ASSIGNMENT ->
Output exactly, in the material below, the lines from the one with "1279 10th AVE N, Naples, FL 34102" through the one with "Argo Hotel Lviv Bagian luar foto". Omit all pictures.

PROVIDED RECORDS ->

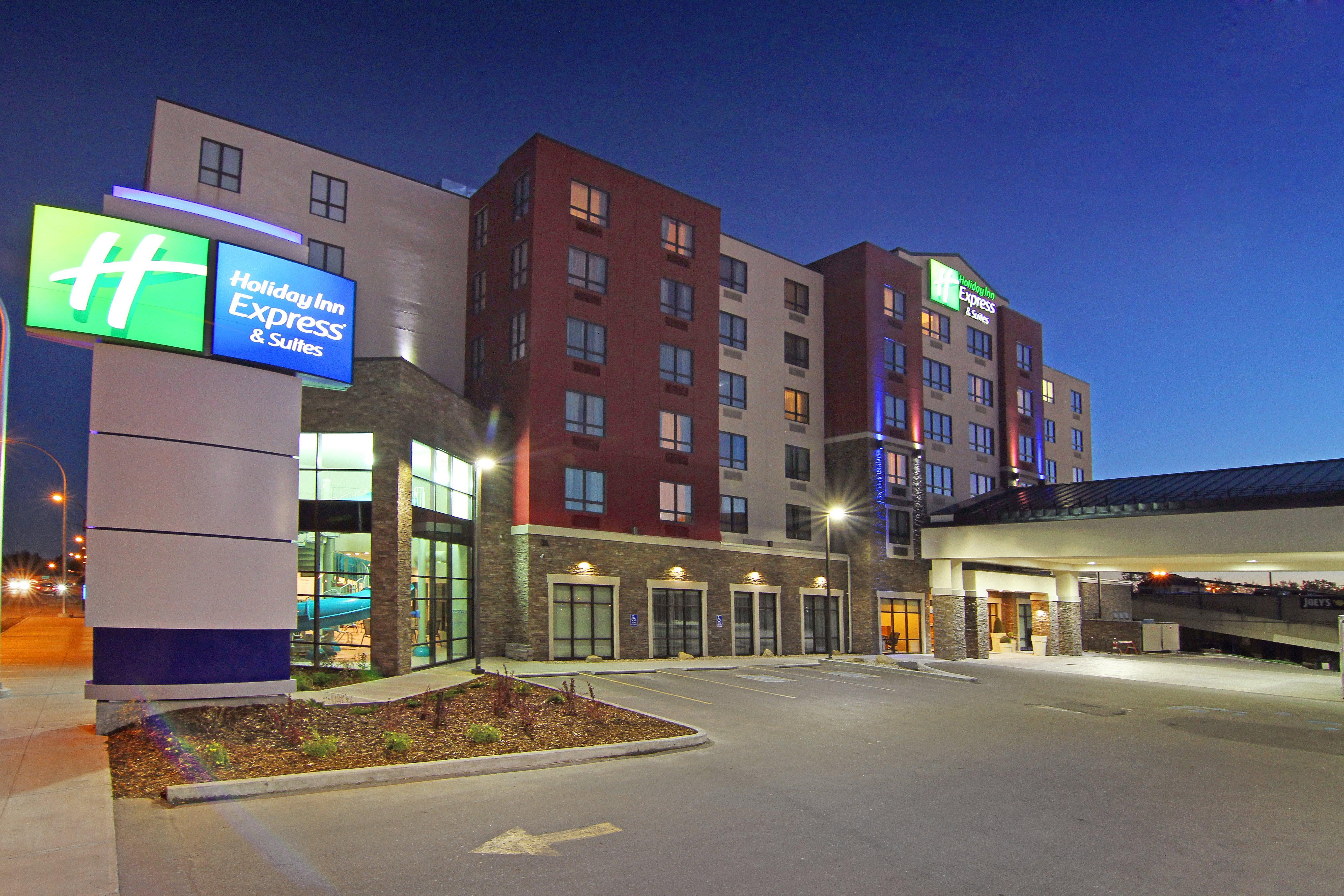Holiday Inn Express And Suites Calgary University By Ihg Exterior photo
...
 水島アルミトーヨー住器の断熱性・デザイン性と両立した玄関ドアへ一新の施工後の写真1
==
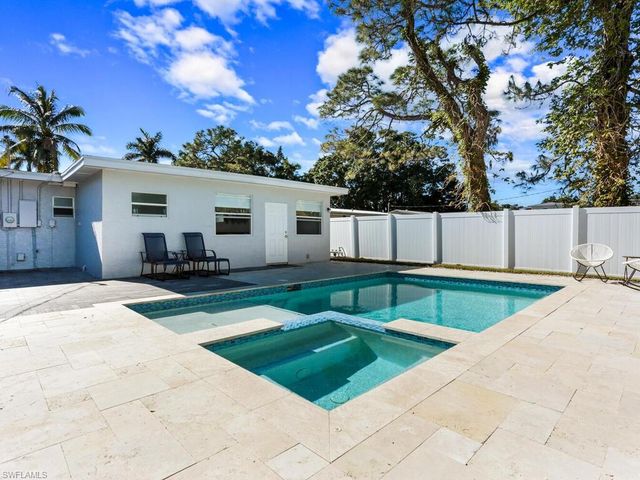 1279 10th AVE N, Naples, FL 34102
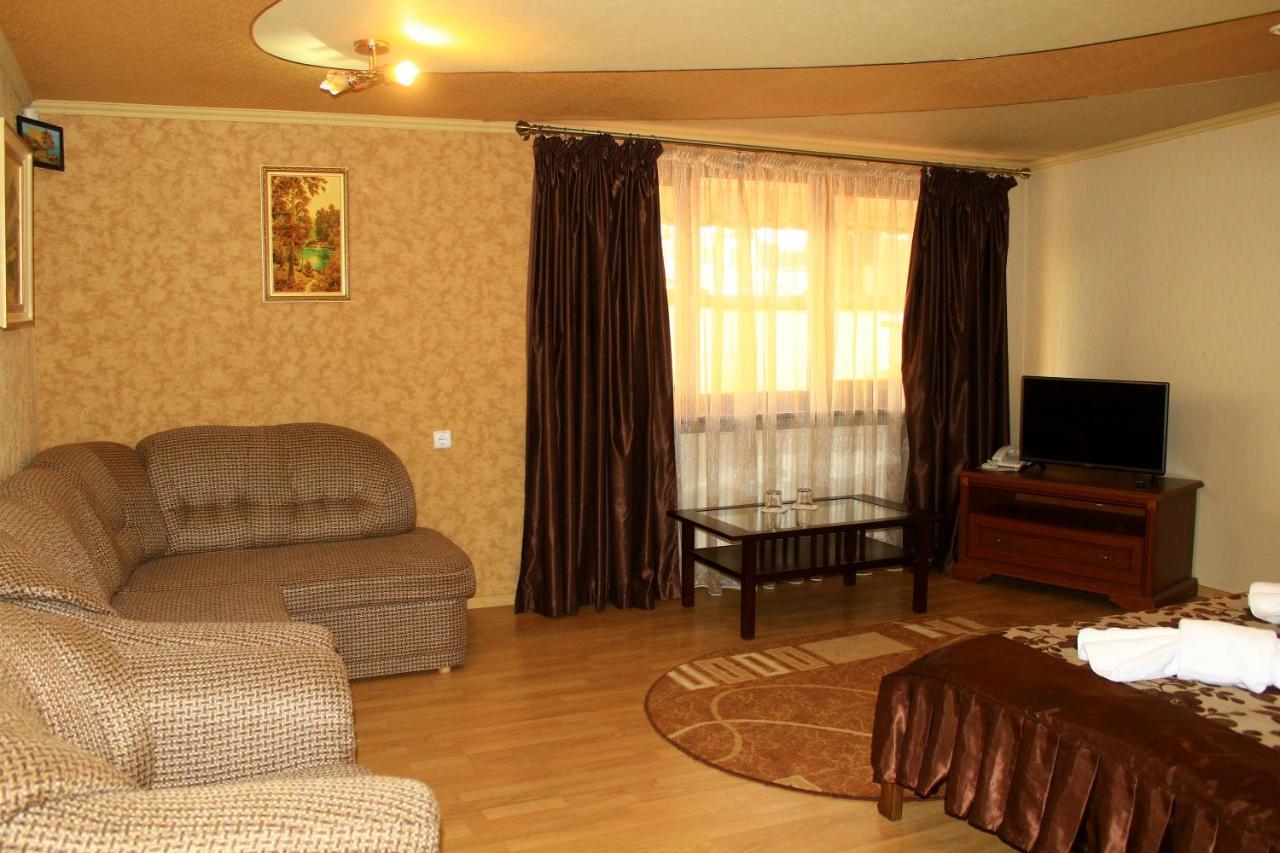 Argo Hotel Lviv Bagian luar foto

EXERCISE RESULT ->
 1279 10th AVE N, Naples, FL 34102
 Argo Hotel Lviv Bagian luar foto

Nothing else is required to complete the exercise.